Cawley was a little perplexed, “Coach?”
“He said, ‘You’re not from Mount Airy, are you?’”
Cawley said the gentleman told him, “‘That man has forgotten more about basketball than I will ever know.’ His name was Bill Guthridge, who followed Dean Smith at the University of North Carolina. That’s how well respected Coach Holleman has been.”
Since the Hall of Fame began a decade ago, Holleman has been nominated by many people. However, the committee couldn’t select him for induction.
“Our rules up until this year said that you had to be out of coaching for five years,” Cawley explained.
Since the members all agreed that, one, Holleman was a perfect candidate, and, two, he has shown no signs of retiring, the Hall committee decided to change the bylaws to allow a current coach to be selected.
“When he first coached, (Harry) Truman was president,” said Cawley. “Our president, Barack Obama, would be born nine years later.”
Holleman offered thanks to the teachers and coaches that helped turn his life around.
“John Hamilton, to me, has been a mentor,” Holleman said of the 93-year-old retired coach.
They met at a basketball camp in North Myrtle Beach, and Hamilton was impressed with the young man.
“He asked me if I’d like to come to work for him.” That’s how Holleman returned to Surry County.
Over the past 75 years, Mount Airy has had so many great student-athletes go through its doors that Holleman said he would put the Bears up against any school its size in the state.
As for his long career, Holleman said he just might keep coaching until he keels over on the basketball court or football field.
“And when that happens, Bobby,” he said to fellow inductee, Bob Moody, “make sure you cremate my body and take the ashes to Chapel Hill and spread them on Kenan Stadium so I won’t miss any game.”
Hall committee member Rondale Ratcliff said he wanted to write a nice introduction for Mabry because the former three-sport star was so reluctant to brag on himself.
In his speech, Mabry told how he came to join the wrestling program.
He said that Coach David Diamont taught him in football, basketball and baseball. He had to disappoint the coach by choosing to try wrestling over basketball.

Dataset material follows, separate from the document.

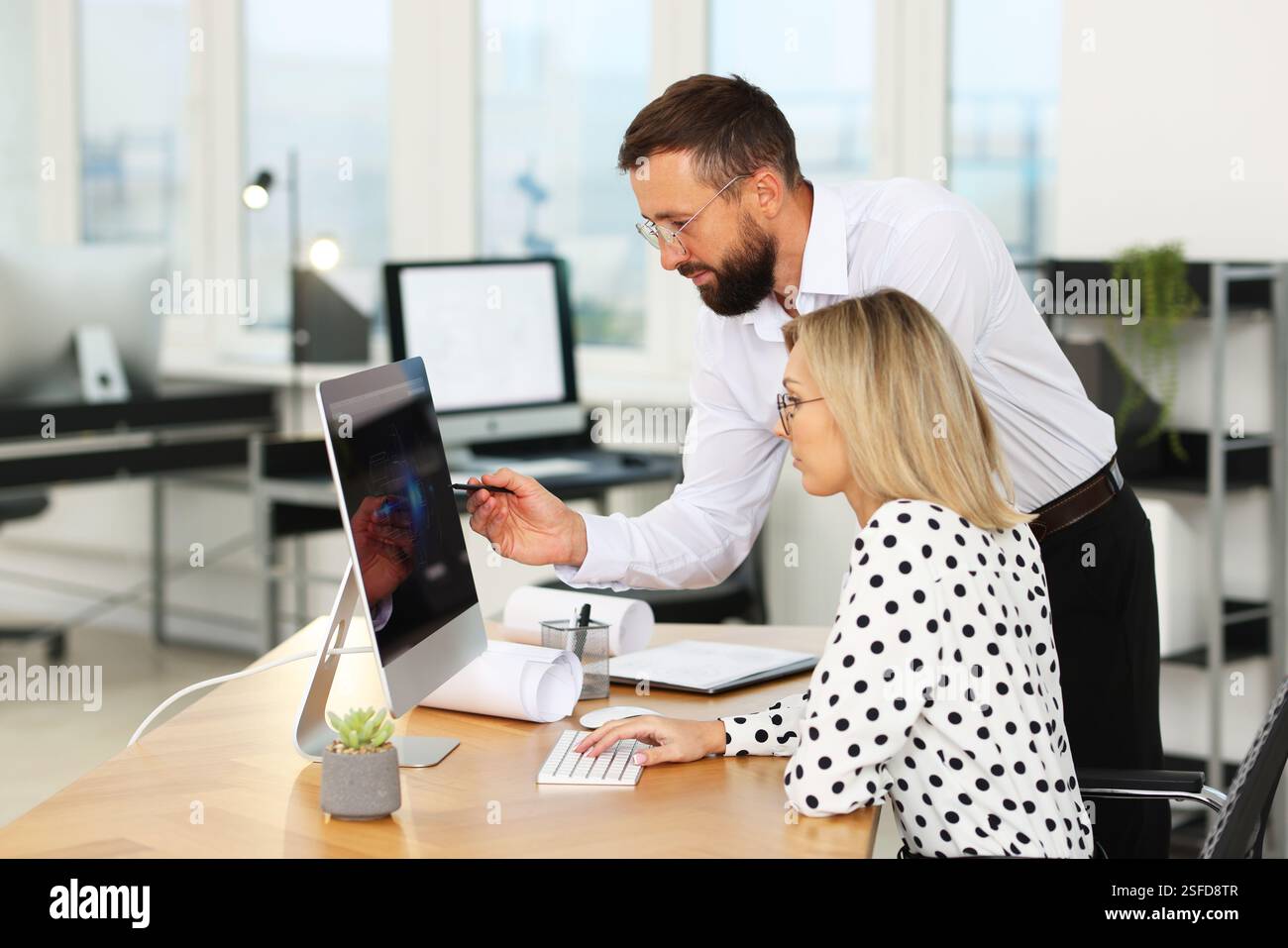 Technicians making digital engineering drawing on computer at desk in office Stock Photo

The wrestling coaches were so eager to have the entire student body see how the team was coming along. So, the school organized the first match of the season to be held during seventh period.

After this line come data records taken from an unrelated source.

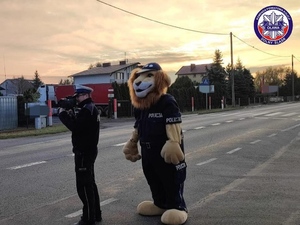 policjant Ogniwa Ruchu Drogowego podczas pomiaru prędkości, obok niego stoi maskotka dolnośląskiej Policji - Komisarz Lew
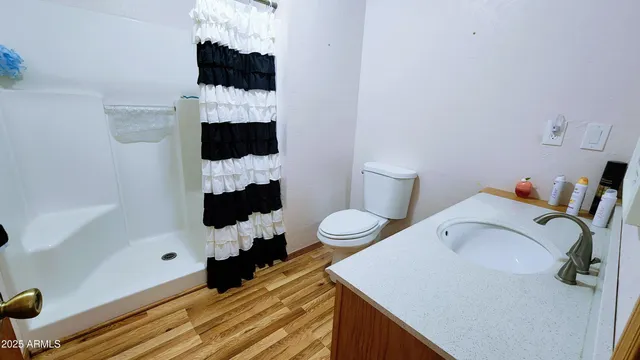 a bed room with a bed tv and a fireplace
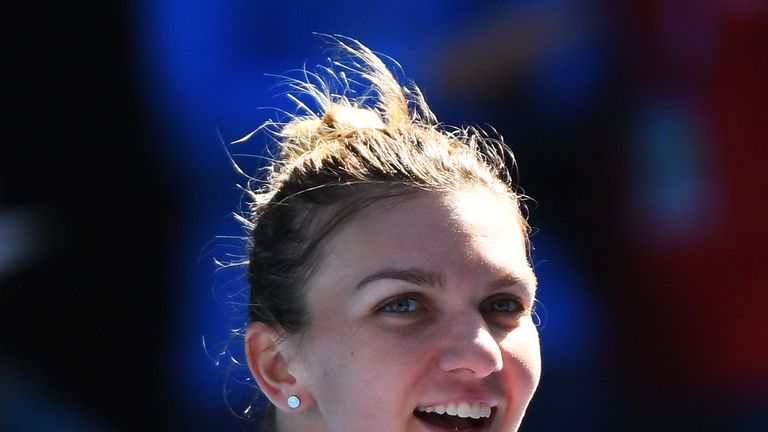 Simona Halep of Romania celebrates winning match point in her quarter-final match against Karolina Pliskova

Mabry said he had only been practicing with the team a week, week and a half.
When the match began, the Bears showed their skills by getting pin after pin after pin, he recalled.
When it came his turn to wrestle, Mabry said he sized up his guy, thinking he could keep the winning streak going.
As for his opponent, he said, “It turned out to be the team captain, the conference champion, the district champ from the year before. So when you look back at the record books, it says the final score of that match was 68 to Mabry.”
While he was disappointed with that loss, Mabry says now that he looks back on that time, he believes that his opponent had worked hard in practice for a long time to be that good, and he deserved to win the match.
All that hard work that athletes put into their sport is what makes victory so much sweeter, he believes.
“I’ve got one ring that brings back a lot of memories,” he told the audience. “On the side of it, it says ACC champion. … What a wonderful feeling it brings; you know what you did to earn it.”
Looking out at his family, he added, “My oldest son Will has a ring like that, too,” which Will earned as a member of Mount Airy’s 2008 state champion football team.
Seeing these generations of athletes come along is a special feeling, said Bob Moody, accepting the Granite City Award for the Moody family.
He said he meets fathers and sons who both played on youth leagues that Moody Funeral Services sponsored. The Moody family has always loved sports and feels honored to have been a part of all that these teams have accomplished over the decades.
The Hall of Fame committee selects new members based on nominations from the public. The next nomination period will come at the end of the year.